Marketed products include: Dupixent (dupilumab), approved across atopic dermatitis, asthma, CRSwNP, COPD, EoE, prurigo nodularis, CSU, and bullous pemphigoid in various geographies; EYLEA HD / EYLEA 8 mg (aflibercept 8 mg) for retinal conditions; Libtayo (cemiplimab) for NSCLC, BCC, CSCC, and cervical cancer; Praluent (alirocumab) for cardiovascular risk reduction and hypercholesterolemia; Evkeeza (evinacumab) for HoFH; Ordspono (odronextamab) for follicular lymphoma and DLBCL; Lynozyfic (linvoseltamab) for relapsed/refractory multiple myeloma; Inmazeb for Zaire ebolavirus infection; Veopoz (pozelimab) for CHAPLE disease; ARCALYST (rilonacept) for recurrent pericarditis; and ZALTRAP (ziv-aflibercept) for intravenous infusion. The pipeline includes approximately 45 candidates in clinical development as of the FY2025 10-K filing.

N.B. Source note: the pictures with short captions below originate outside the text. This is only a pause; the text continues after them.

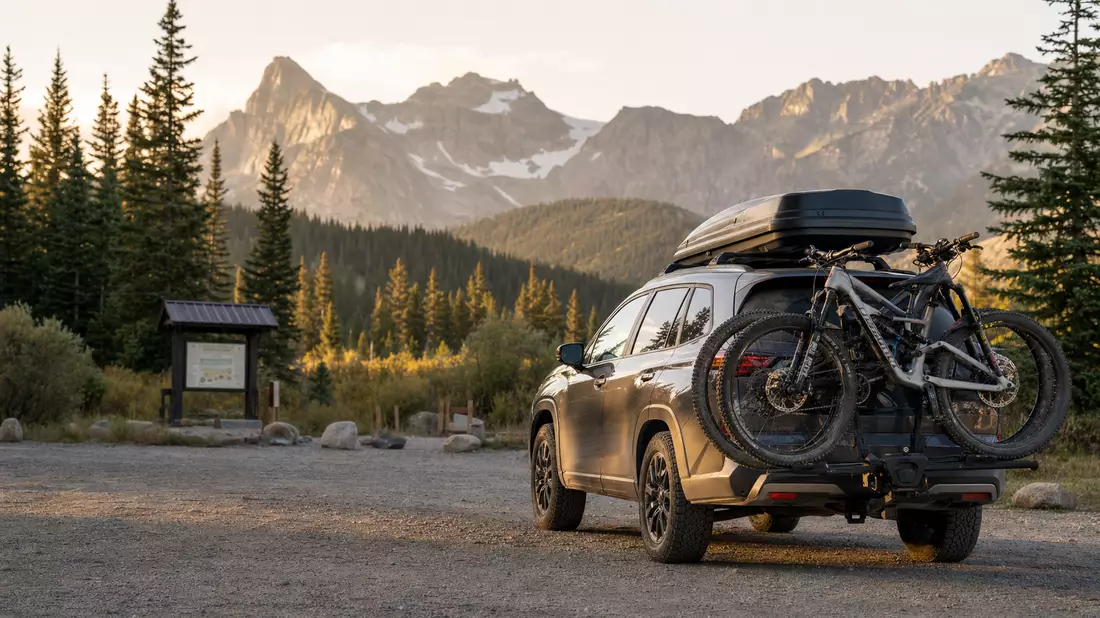 SUV mit Dachbox und Fahrradträgern vor Bergpanorama, Symbolbild Outdoor-Ausrüstung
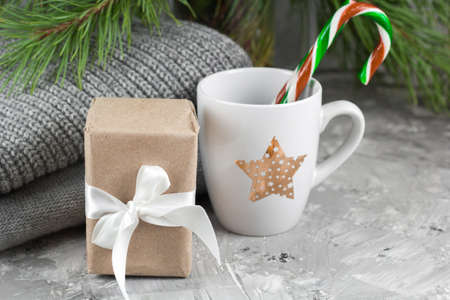 gift box , white cup, candy cane, sweaters and christmas tree branches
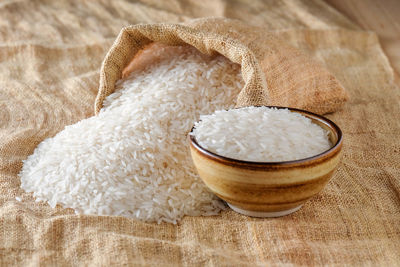 Close-up of bowl and sack with rice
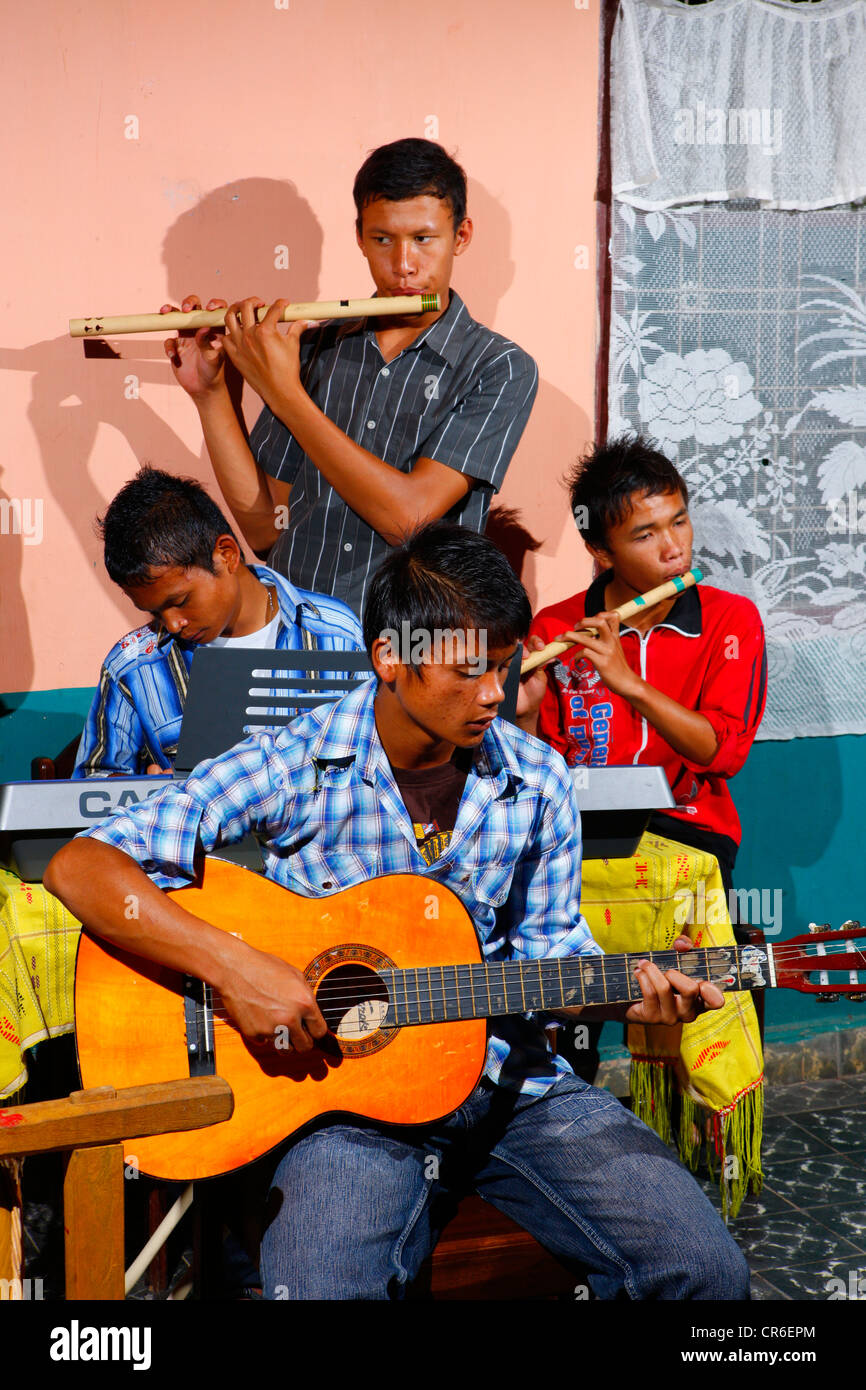 Students making music, boarding school, Simalungun, Sumatra, Indonesia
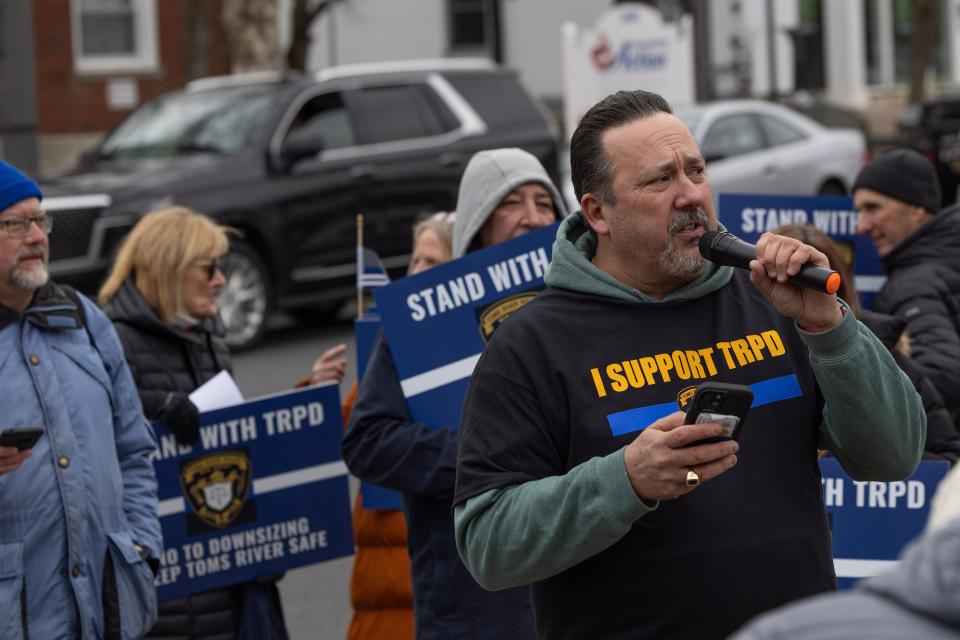 Resident Phillip Brilliant speaks at the Jan. 31, 2024, rally protesting a plan to cut captains’ jobs in the Toms River police department.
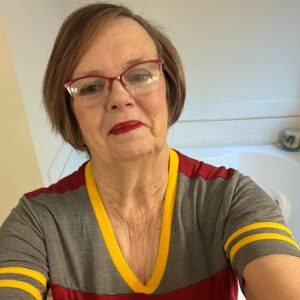 Sheril, a woman with straight brown hair, with red horn rim half frame glasses, wearing a grey, maroon, and yellow t-shirt.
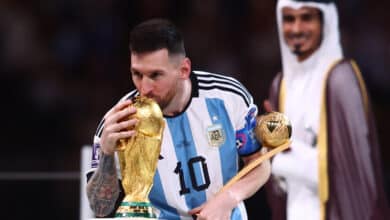 LUSAIL CITY, QATAR - DECEMBER 18: Lionel Messi of Argentina kisses the World Cup trophy as he holds the adidas Golden Ball at the end of the FIFA World Cup Qatar 2022 Final match between Argentina and France at Lusail Stadium on December 18, 2022 in Lusail City, Qatar.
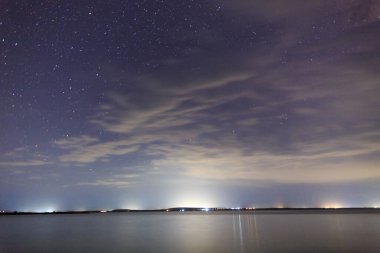 Göldeki yıldızlı gökyüzü. Gece manzarası. Bulutlu gökyüzü. Kırgızistan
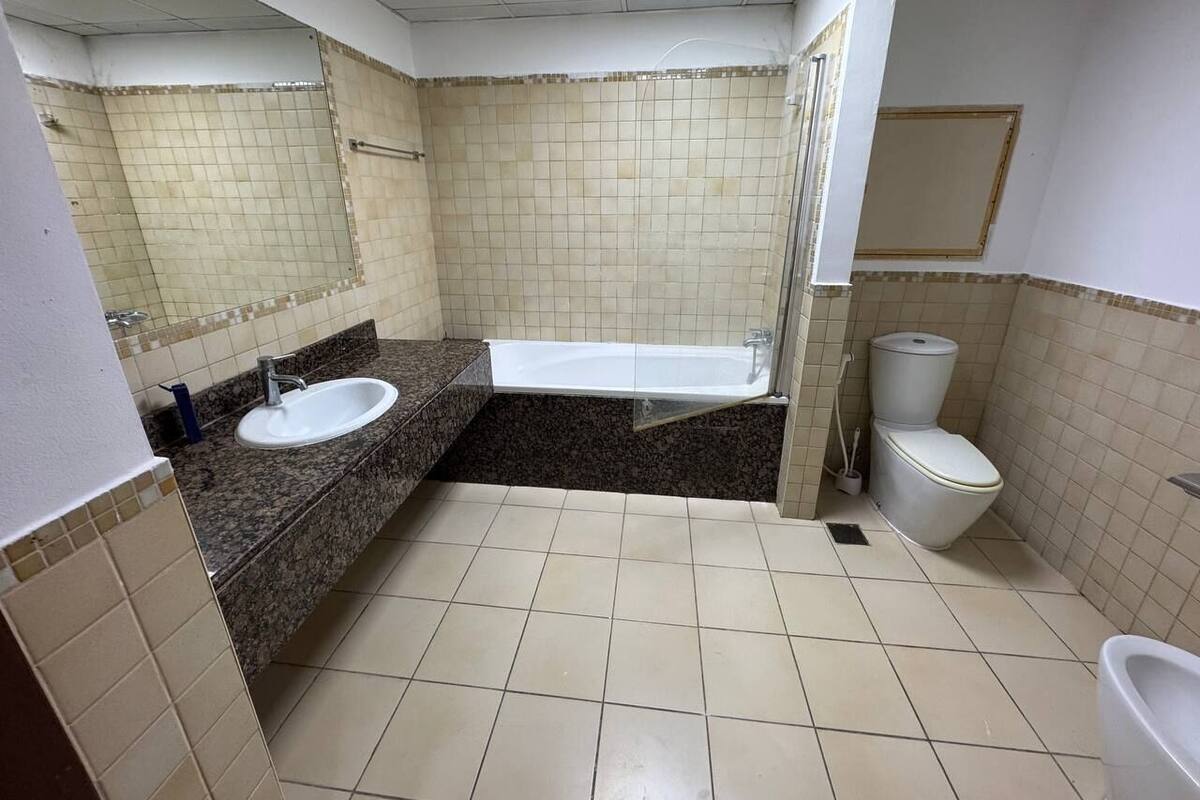 A bathroom with a sink, bathtub, toilet, and a shower area.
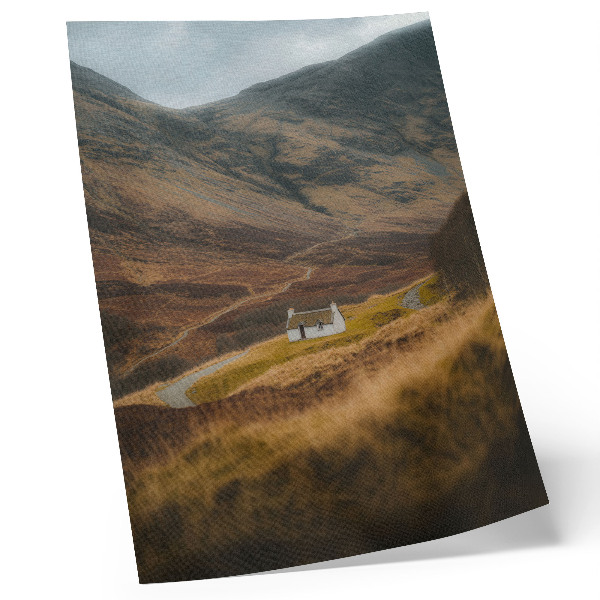 Foto su tela Un paesaggio montano con un cottage solitario in mezzo alla natura.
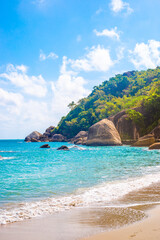 Vertical tropical landscape. Sea with a rocky shore and a mountain on a sunny day on a tropical island. Travel and tourism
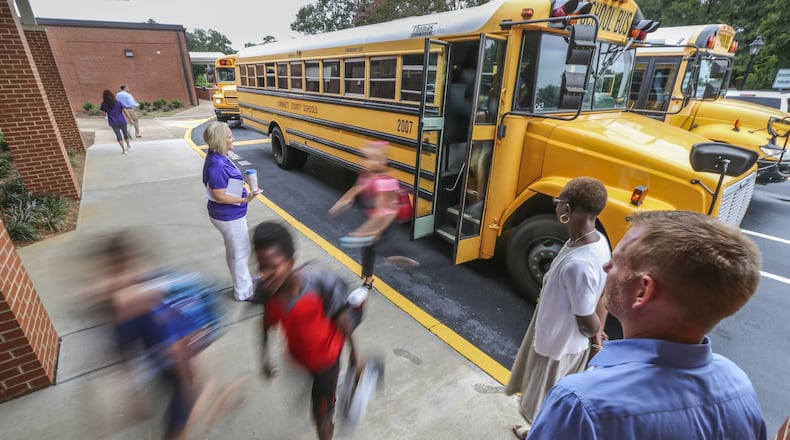 Dr. Derek Schroll (right) watches students arrive for their first day of school at Coleman Middle School at 3057 Main Street in Duluth. In the middle school with nearly 800 students, teachers and students were already preparing to work on their first large-scale projects of the year using different forms of technology such as computer data analysis and 3D printers. JOHN SPINK/JSPINK@AJC.COM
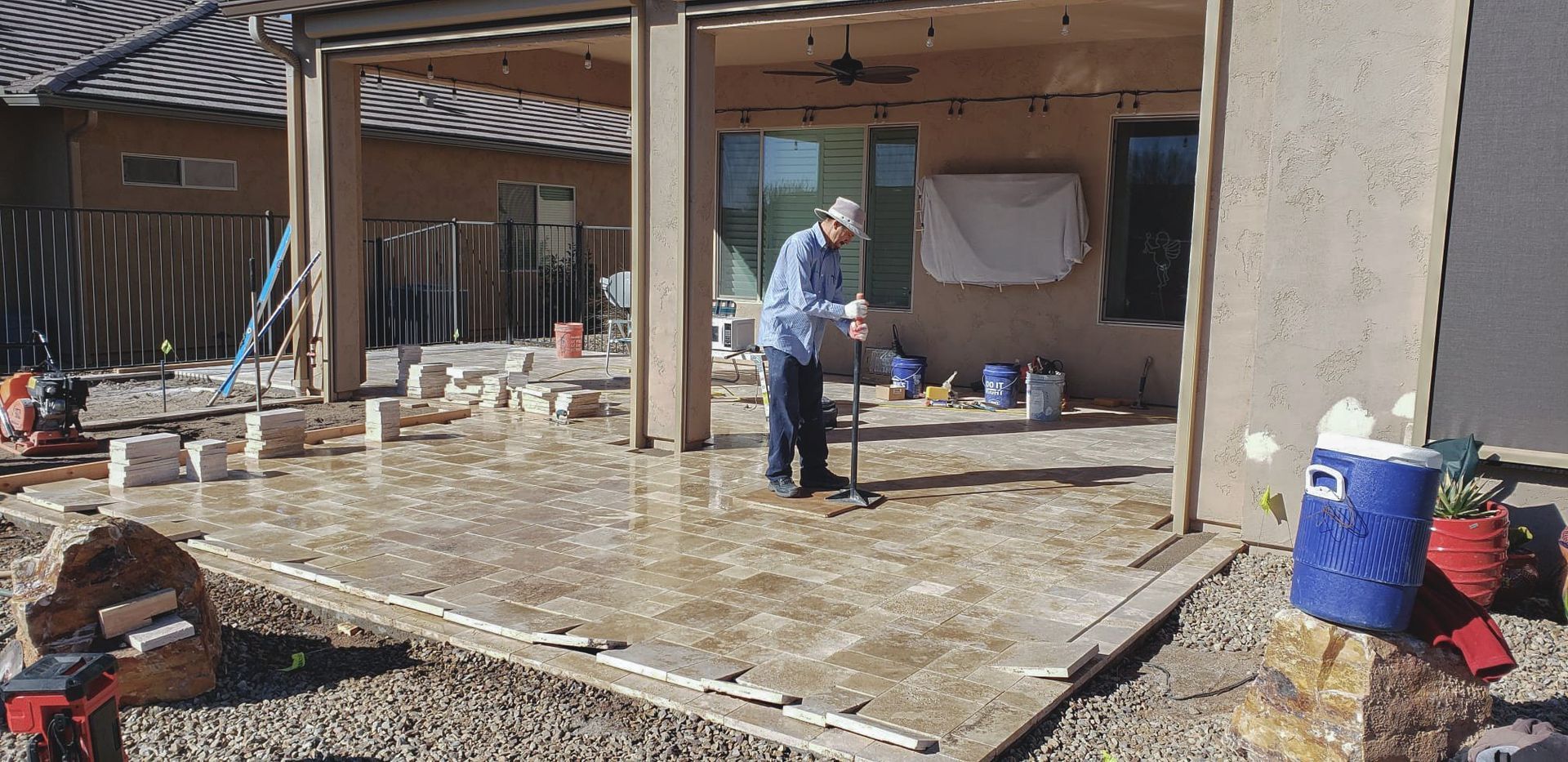 Construction worker leveling wet concrete on a patio. Gray concrete, beige pillars, blue bucket, rocky yard.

Net product sales from marketed drugs sold in the U.S. and internationally; collaboration profit-sharing with Sanofi (Dupixent, Praluent outside the U.S.) and Bayer (EYLEA outside the U.S.); milestone payments and royalties from licensing agreements; and research and development cost reimbursements from collaborators.
End markets span ophthalmology, immunology, oncology, cardiovascular disease, and rare diseases. Patients with serious or chronic conditions are the ultimate end users. In the U.S., third-party payors including private insurers and government programs (Medicare, Medicaid) are primary payment sources. Outside the U.S., particularly in the EU, government health authorities are the primary payors and set or influence pricing through mechanisms including price freezes, mandatory rebates, value-based pricing, and reference pricing.
United States (primary commercialization market, exclusive rights retained for key products). European Union (marketed products including Dupixent, Libtayo, Praluent, Evkeeza; government-controlled pricing environment). Japan (Dupixent and Libtayo approvals noted in the FY2025 10-K). Ex-U.S. markets for EYLEA handled through Bayer collaboration; Praluent outside the U.S. handled by Sanofi.